[Start of section]
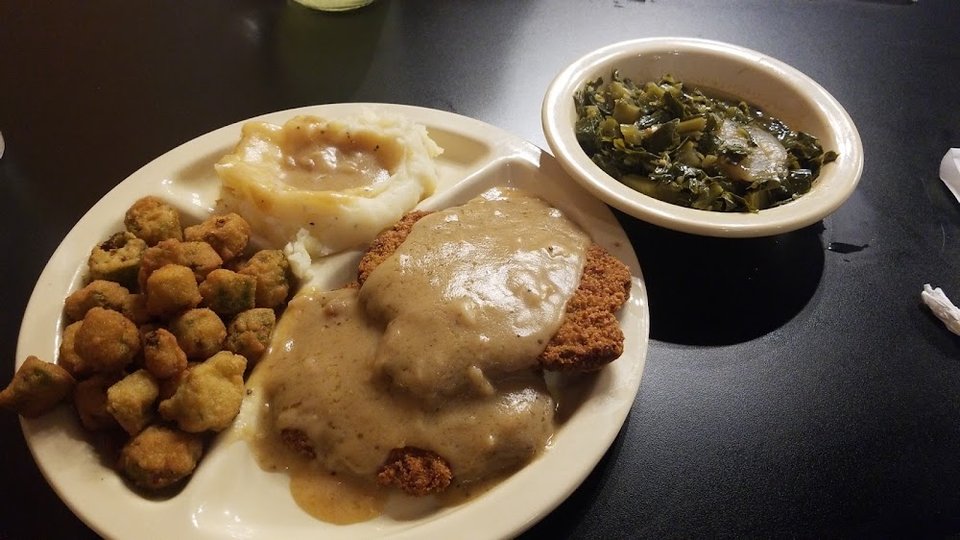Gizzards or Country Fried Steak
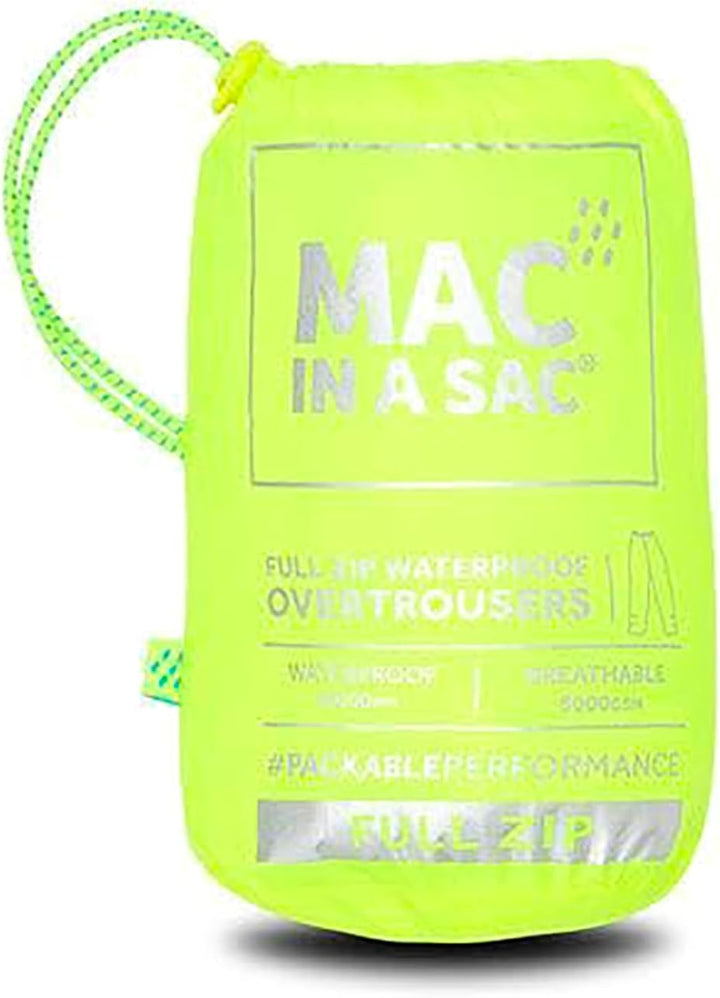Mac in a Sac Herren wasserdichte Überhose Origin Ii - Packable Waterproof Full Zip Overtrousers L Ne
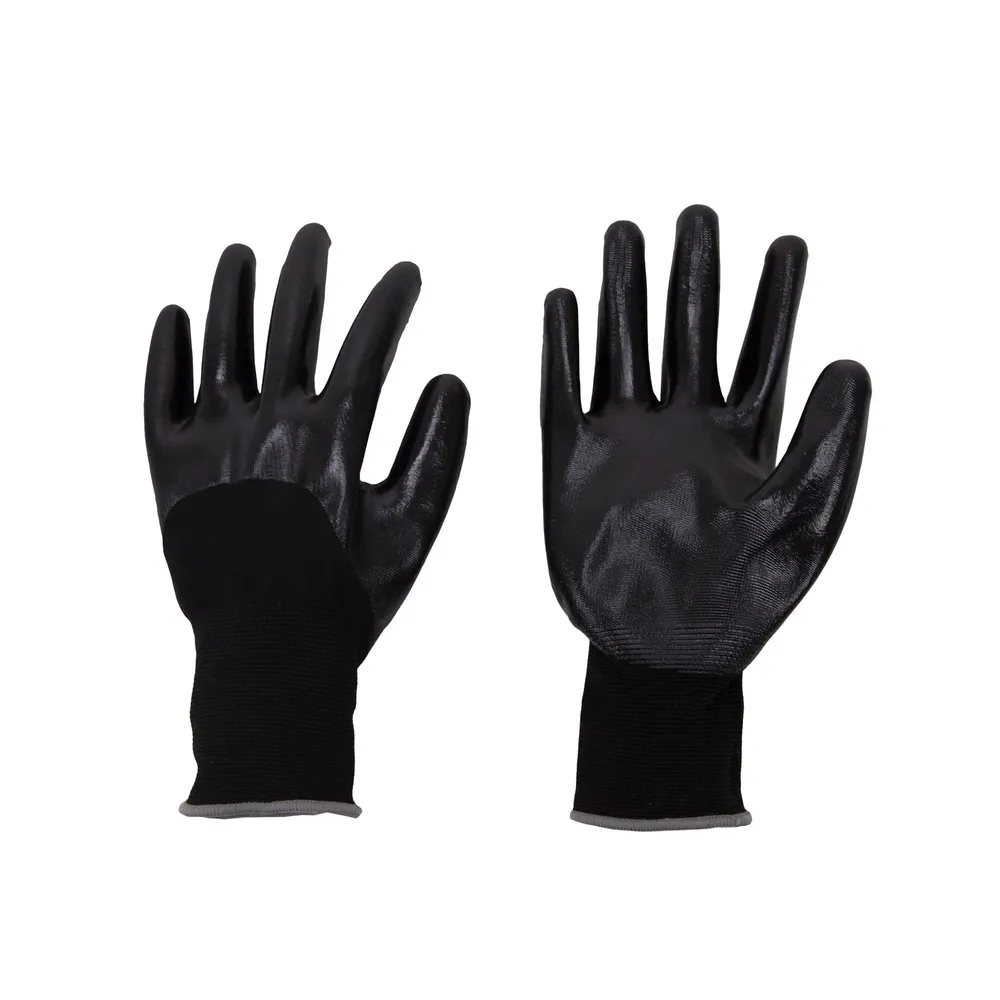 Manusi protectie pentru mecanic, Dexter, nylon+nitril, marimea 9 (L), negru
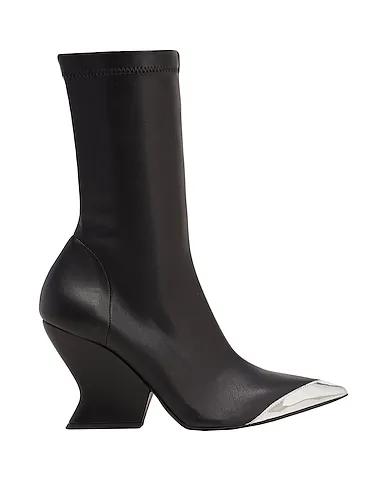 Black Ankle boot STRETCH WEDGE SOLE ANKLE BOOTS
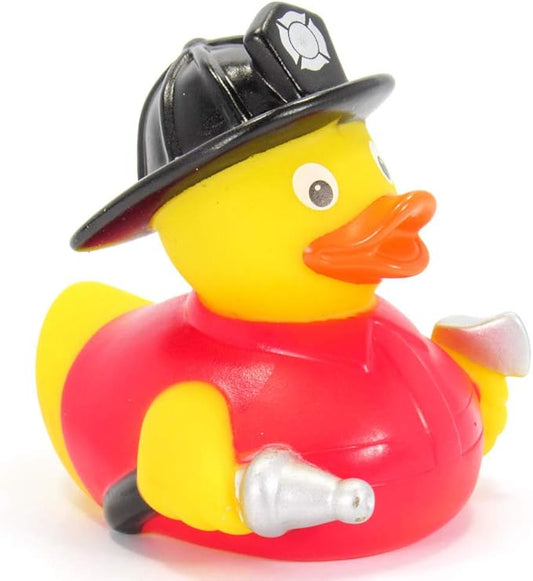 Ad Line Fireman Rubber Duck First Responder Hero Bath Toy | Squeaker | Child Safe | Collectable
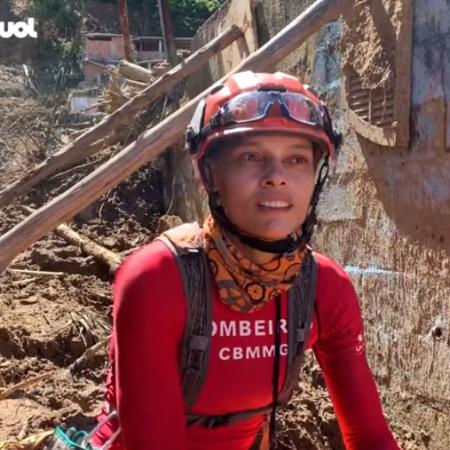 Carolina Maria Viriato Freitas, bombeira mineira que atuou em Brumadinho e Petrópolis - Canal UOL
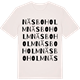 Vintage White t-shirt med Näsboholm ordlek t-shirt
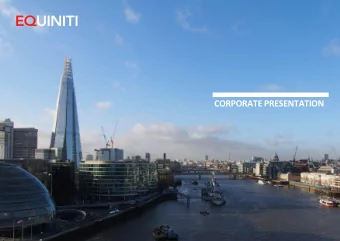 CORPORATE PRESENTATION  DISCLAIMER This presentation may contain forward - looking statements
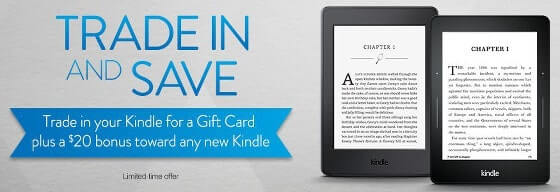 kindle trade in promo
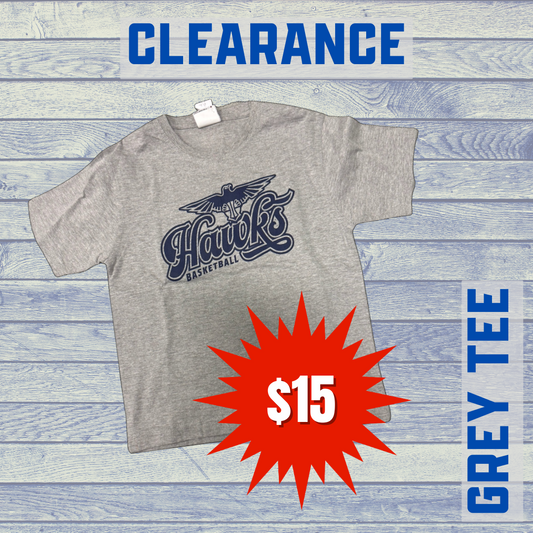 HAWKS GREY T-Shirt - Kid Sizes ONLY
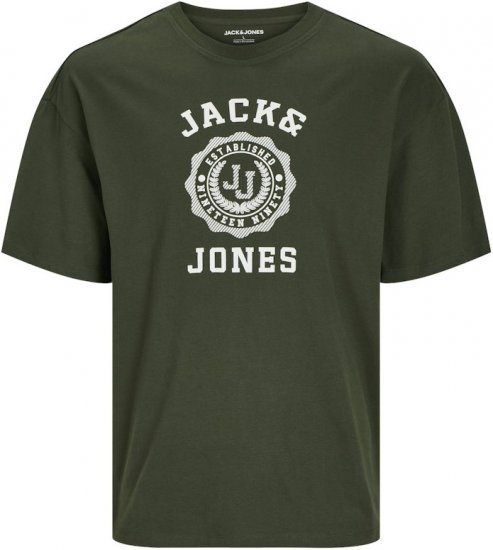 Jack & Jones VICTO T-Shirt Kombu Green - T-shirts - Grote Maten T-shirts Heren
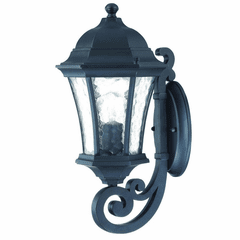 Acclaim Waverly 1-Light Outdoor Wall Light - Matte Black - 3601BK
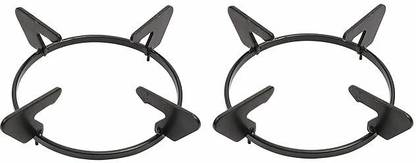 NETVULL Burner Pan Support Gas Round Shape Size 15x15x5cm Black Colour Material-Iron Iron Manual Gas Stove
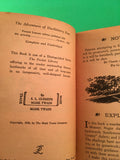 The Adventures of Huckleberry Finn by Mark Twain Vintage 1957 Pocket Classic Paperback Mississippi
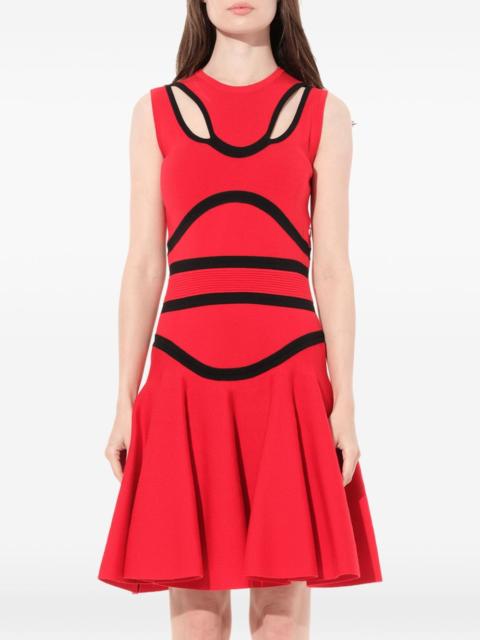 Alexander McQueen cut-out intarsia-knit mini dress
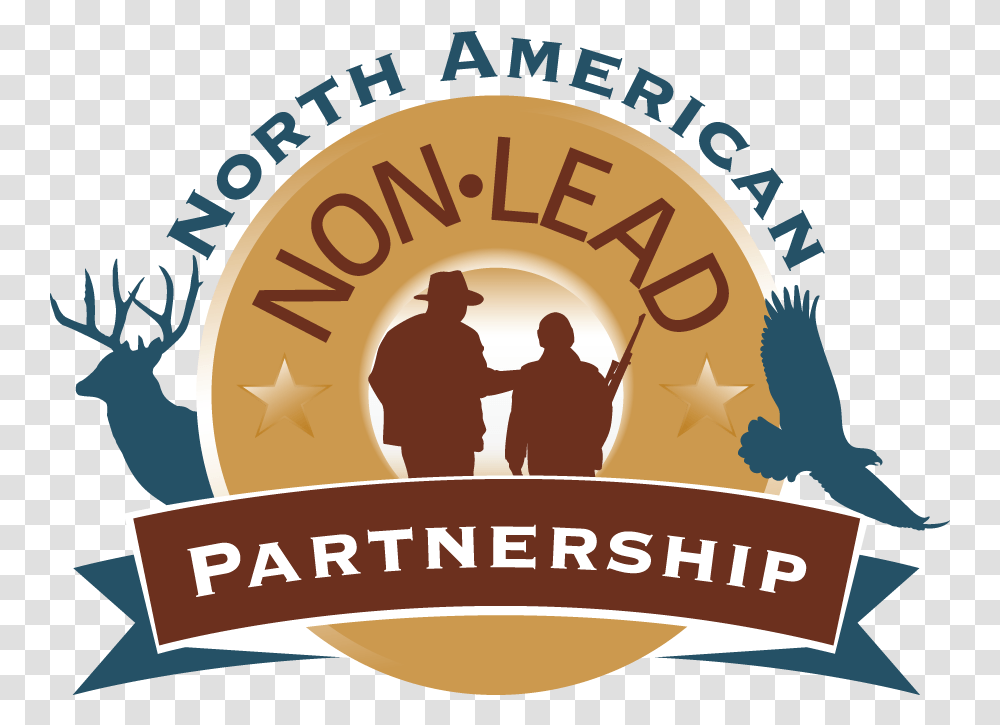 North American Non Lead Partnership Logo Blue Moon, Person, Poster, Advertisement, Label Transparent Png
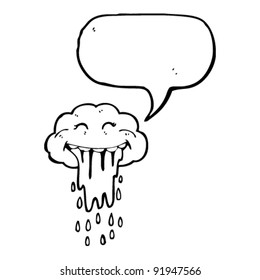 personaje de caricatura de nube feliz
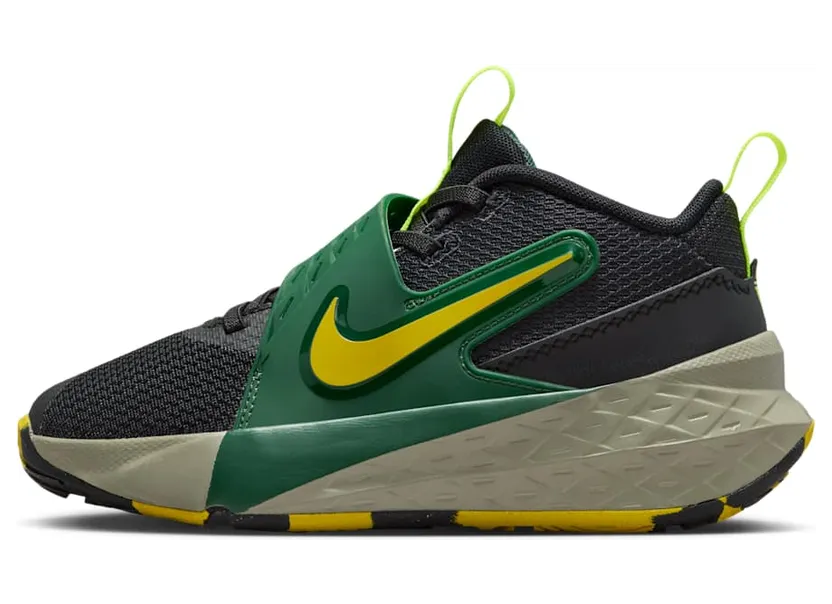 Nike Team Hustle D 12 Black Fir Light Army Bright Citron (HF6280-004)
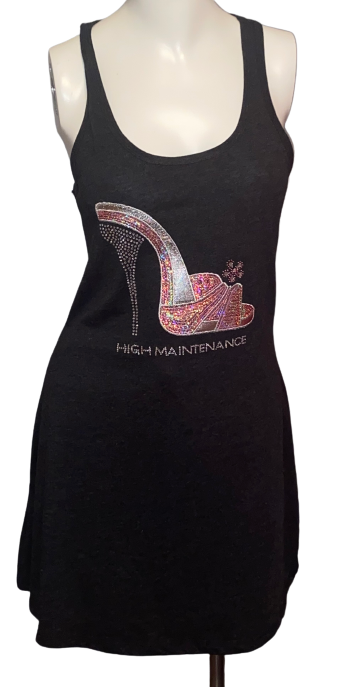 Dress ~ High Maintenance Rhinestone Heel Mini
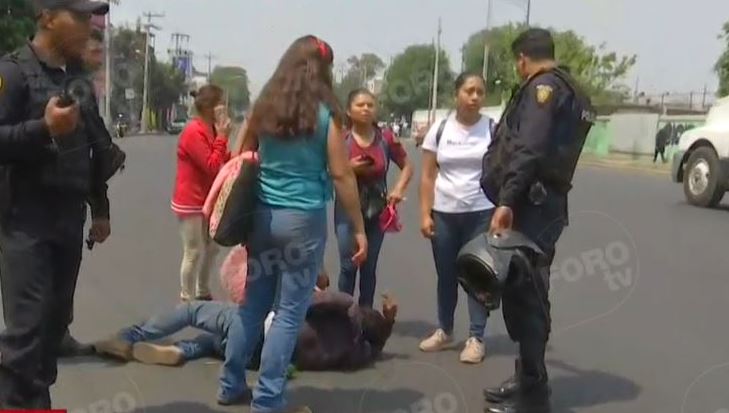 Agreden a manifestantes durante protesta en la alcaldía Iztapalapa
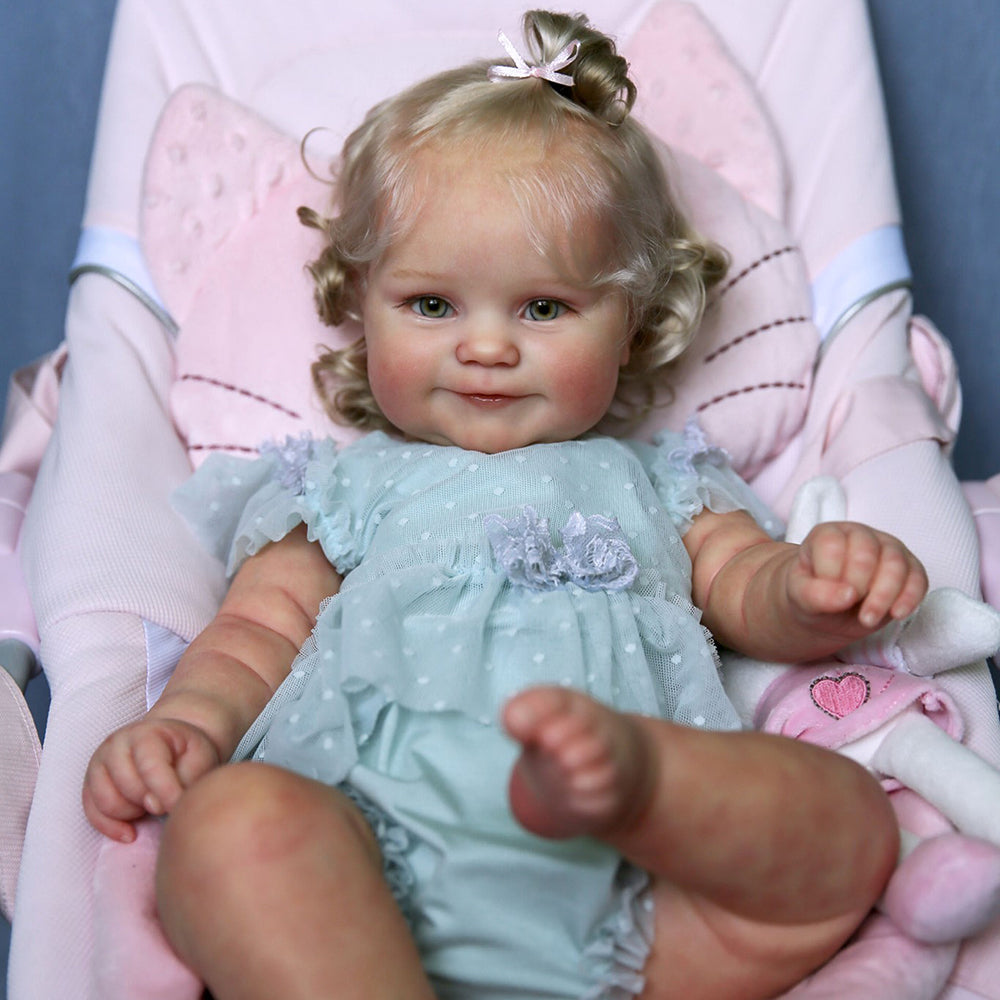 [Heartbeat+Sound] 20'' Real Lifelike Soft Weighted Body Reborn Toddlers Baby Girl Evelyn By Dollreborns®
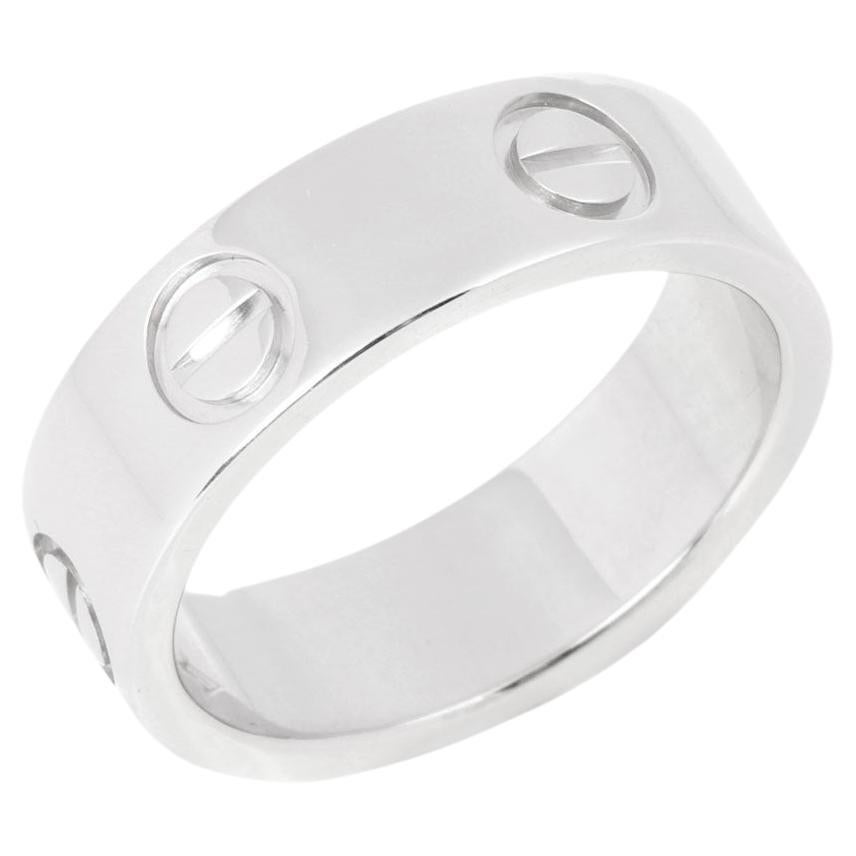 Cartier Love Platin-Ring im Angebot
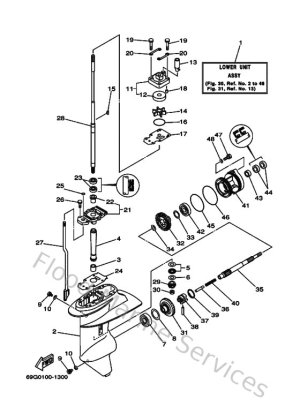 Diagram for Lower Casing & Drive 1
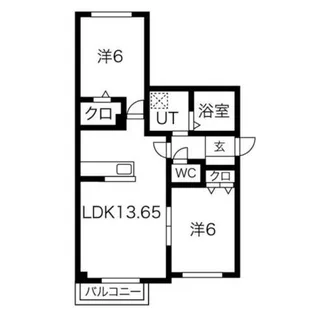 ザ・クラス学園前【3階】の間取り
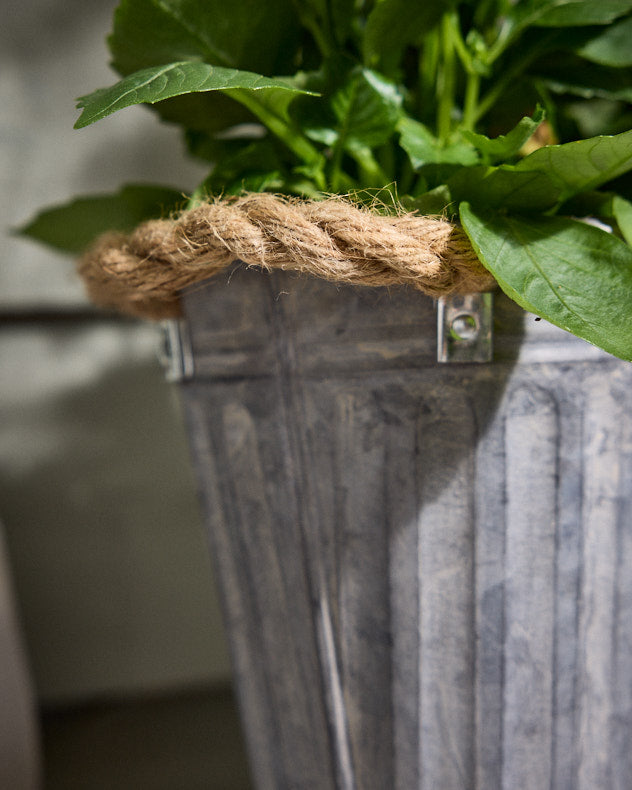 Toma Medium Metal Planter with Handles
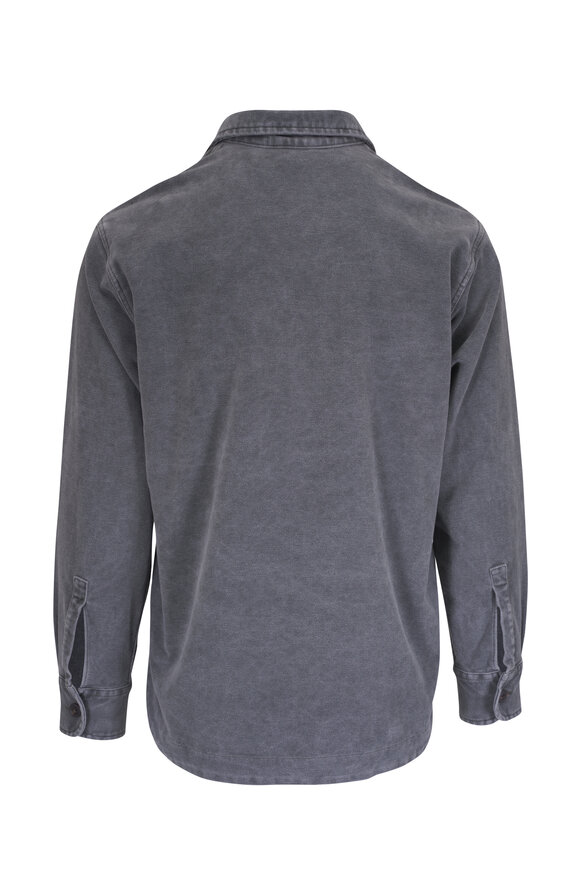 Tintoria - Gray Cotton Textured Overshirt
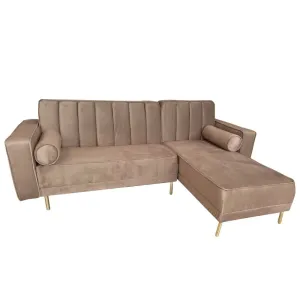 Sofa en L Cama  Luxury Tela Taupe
[End of section]
Print an exact copy of the lines above, from the one containing "Acclaim Waverly 1-Light" through the one containing "ザ・クラス学園前【3階】の間取り", and leave out the pictures.

* Solution
 Acclaim Waverly 1-Light Outdoor Wall Light - Matte Black - 3601BK
 NETVULL Burner Pan Support Gas Round Shape Size 15x15x5cm Black Colour Material-Iron Iron Manual Gas Stove
 The Adventures of Huckleberry Finn by Mark Twain Vintage 1957 Pocket Classic Paperback Mississippi
 Alexander McQueen cut-out intarsia-knit mini dress
 North American Non Lead Partnership Logo Blue Moon, Person, Poster, Advertisement, Label Transparent Png
 personaje de caricatura de nube feliz
 Nike Team Hustle D 12 Black Fir Light Army Bright Citron (HF6280-004)
 Dress ~ High Maintenance Rhinestone Heel Mini
 Agreden a manifestantes durante protesta en la alcaldía Iztapalapa
 [Heartbeat+Sound] 20'' Real Lifelike Soft Weighted Body Reborn Toddlers Baby Girl Evelyn By Dollreborns®
 Cartier Love Platin-Ring im Angebot
 Diagram for Lower Casing & Drive 1
 ザ・クラス学園前【3階】の間取り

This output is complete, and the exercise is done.